Showcasing a portfolio of his colour images in its October 2008 issue, Rangefinder magazine referred to Eric as one of a “handful of color photographers who are true innovators.”
Eric Meola’s graphic use of colour has formed his photographs and his distinguished career for more than four decades. His prints are in several private collections and museums, including the A.S.M.P. archive, the National Portrait Gallery in Washington, D.C., the International Center of Photography in New York, and the Museum of Modern Art in Munich. He has won numerous awards including the “Advertising Photographer of the Year” award from the American Society of Media Photographers.
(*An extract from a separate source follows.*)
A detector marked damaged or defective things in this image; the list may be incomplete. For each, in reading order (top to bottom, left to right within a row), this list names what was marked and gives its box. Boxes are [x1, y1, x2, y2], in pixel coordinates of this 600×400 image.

In 1972 he photographed Haiti for Time magazine, resulting in one of his most famous images, “Coca Kid,” which was included in Life magazine’s special 1997 issue “100 Magnificent Images.” In 1980 he had his first major exhibit in New York at the “Space” gallery in Carnegie Hall, and his signature red, white and blue image “Promised Land,” was chosen for inclusion in the permanent collection of the George Eastman House. In 1989 he was the only photographer named to Adweek magazine’s national “Creative All-Star Team”; and that same year he received a “Clio” for a series of images he made in Scotland for a breakthrough campaign featuring the outerwear clothing of the Timberland company. “Fire Eater,” his iconic image of the spotlit lips of a woman submerged in a tank of water, and commissioned by Almay cosmetics, was included in Robert Sobieszek’s 1993 book on advertising The Art of Persuasion.
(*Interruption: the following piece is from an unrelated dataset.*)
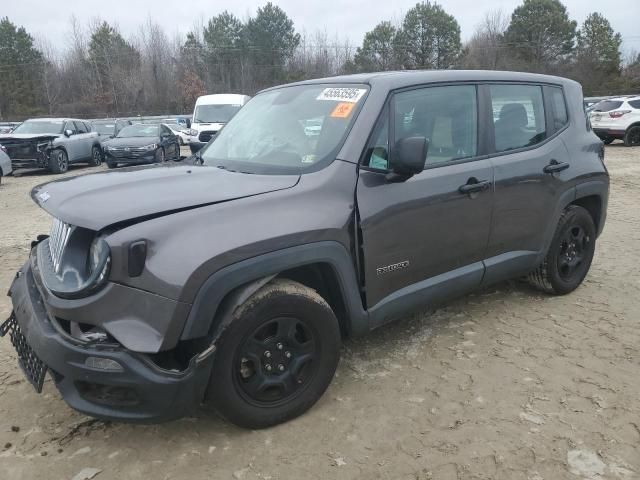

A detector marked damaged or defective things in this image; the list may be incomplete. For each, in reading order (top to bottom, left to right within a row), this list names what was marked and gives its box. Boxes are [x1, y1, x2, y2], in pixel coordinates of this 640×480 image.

dented hood [30, 163, 300, 231]
damaged front bumper [1, 256, 218, 422]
As an undergraduate at Syracuse University, he studied colour printing and colour theory with legendary instructor Tom Richards at the Newhouse School of Journalism before graduating in 1968 with a B.A. in English Literature and then moving to NYC in 1969 to work with Pete Turner as his studio manager. A Canon “Explorer of Light,” he has lectured extensively, including at Syracuse University, Rochester Institute of Technology, Brooks (Santa Barbara), the Art Center at Pasadena, Parsons, the Academy of Art College (San Francisco), the George Eastman House, and venues including PPA., WPPI, and A.S.M.P.
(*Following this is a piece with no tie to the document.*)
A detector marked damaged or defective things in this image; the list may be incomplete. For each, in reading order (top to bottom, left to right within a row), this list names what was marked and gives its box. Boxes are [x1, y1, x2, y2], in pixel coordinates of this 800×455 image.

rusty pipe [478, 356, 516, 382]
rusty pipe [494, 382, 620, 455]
In 2004, Graphis Editions published his first book The Last Places on Earth, a look at disappearing tribes and cultures throughout the world. An exhibition in England of his photographs of Bruce Springsteen, which coincided with the publication of his second book Born to Run: The Unseen Photos (Insight Editions, 2006), was followed in 2008 by INDIA: In Word & Image (Welcome Books, NY), and an exhibit in 2009 at the Art Directors Club of New York. Born to Run Revisited—a large format limited edition of his Springsteen images—was published by Ormond Yard Press (London) in 2011. Streets of Fire, his fifth book, will be published by HarperCollins in October 2012.